Act 155 required the Department of Education to begin identifying property that could be developed in partnership with investors to provide public benefits, such as affordable or teacher housing along with construction of modern school facilities.

Developer Peter Savio is in favor of the idea, but said the state should focus on affordable housing.

“I support the concept. Very concerned, though, about how they handle the development, where all the benefits go, and where the wealth that is created by this program goes,” he said.

School board members have accused the DOE of stalling the process because of the controversy that comes from proposals to close schools or privatize public property.

For several years, the DOE was pushing redevelopment of three sites on the east side of Diamond Head, which housed DOE staff but were not school campuses.

In her proposal for board action, Kishimoto withdraws those sites and proposed the new candidates ― Kaahumanu, McKinley and Kaimuki.

Under the proposal, Kaahumanu’s four-acre campus near the H-1 freeway would be “fully commercialized, potentially as a teacher housing venture or some other commercial purpose."

“That corridor is full of commercial uses, and mixed-use residential up above would be an ideal use for that property with easy access to the freeway both going east and west,” said Carr.

Kaimuki High would be rebuilt ― apparently in partnership with a private developer, although exactly what would be built alongside the high school was not described.

The proposals come as the state Education Department grapples with an aging inventory of public school campuses and shrinking enrollments in some areas, including the urban core.

Kaimuki High, which shares space with the SEEQS Charter School, has 27 buildings averaging 64 years old on 35 acres of land.

McKinley’s campus includes 32 buildings averaging 75 years old on 45 acres bordered by S. King, Pensacola and Kapiolani Blvd. It has frequently been mentioned as the ideal site to provide hundreds of new housing units while being redeveloped into a modern campus.

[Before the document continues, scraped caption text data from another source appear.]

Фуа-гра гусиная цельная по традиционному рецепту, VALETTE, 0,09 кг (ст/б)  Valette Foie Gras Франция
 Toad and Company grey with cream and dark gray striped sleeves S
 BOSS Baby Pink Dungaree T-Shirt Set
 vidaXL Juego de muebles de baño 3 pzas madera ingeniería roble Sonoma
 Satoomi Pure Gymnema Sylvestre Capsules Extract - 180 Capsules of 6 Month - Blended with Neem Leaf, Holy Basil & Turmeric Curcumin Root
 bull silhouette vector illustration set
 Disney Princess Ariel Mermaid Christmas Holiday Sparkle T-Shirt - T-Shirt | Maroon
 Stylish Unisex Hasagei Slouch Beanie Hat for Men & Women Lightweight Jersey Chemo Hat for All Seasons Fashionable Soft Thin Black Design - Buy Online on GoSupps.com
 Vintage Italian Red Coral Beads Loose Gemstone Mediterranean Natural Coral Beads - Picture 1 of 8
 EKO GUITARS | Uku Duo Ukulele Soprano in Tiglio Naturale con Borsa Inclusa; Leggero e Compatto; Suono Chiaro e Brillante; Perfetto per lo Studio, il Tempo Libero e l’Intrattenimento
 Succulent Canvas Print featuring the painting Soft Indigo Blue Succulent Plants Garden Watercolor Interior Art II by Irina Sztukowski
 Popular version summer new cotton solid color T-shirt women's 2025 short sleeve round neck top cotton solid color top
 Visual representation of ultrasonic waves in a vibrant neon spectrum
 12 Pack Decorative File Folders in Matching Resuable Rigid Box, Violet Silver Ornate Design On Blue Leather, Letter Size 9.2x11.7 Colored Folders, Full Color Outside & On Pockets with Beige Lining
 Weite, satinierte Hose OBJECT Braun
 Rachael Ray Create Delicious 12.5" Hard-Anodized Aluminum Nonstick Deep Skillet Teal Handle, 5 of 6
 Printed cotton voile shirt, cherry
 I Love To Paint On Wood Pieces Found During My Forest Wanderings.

Before the sites could be redeveloped the department said it would hire a community engagement expert “to gather input on design concepts for a multi-faceted, 21st Century campus.”

The submittal said, “Several key legislators have agreed to support this deep community engagement and design process.” That’s important because voter complaints about closing or redeveloping specific school sites has killed most proposals in the past.

If the redevelopment process is successful, it could lead to a process for redevelopment of many other sites.

Department officials and board members said they could not comment until Thursday’s meetings.

But Kishimoto sent a letter Monday to staff, students and families at Kaahumanu and Kaimuki saying the process of community engagement will take 12-18 months.

“The department is continuously looking for innovative solutions to modernize our aging school facilities,” Kishimoto wrote.

“We have many schools that need and deserve modern facilities. This process is a means of engaging communities interested in being the first to be considered for this unique opportunity.”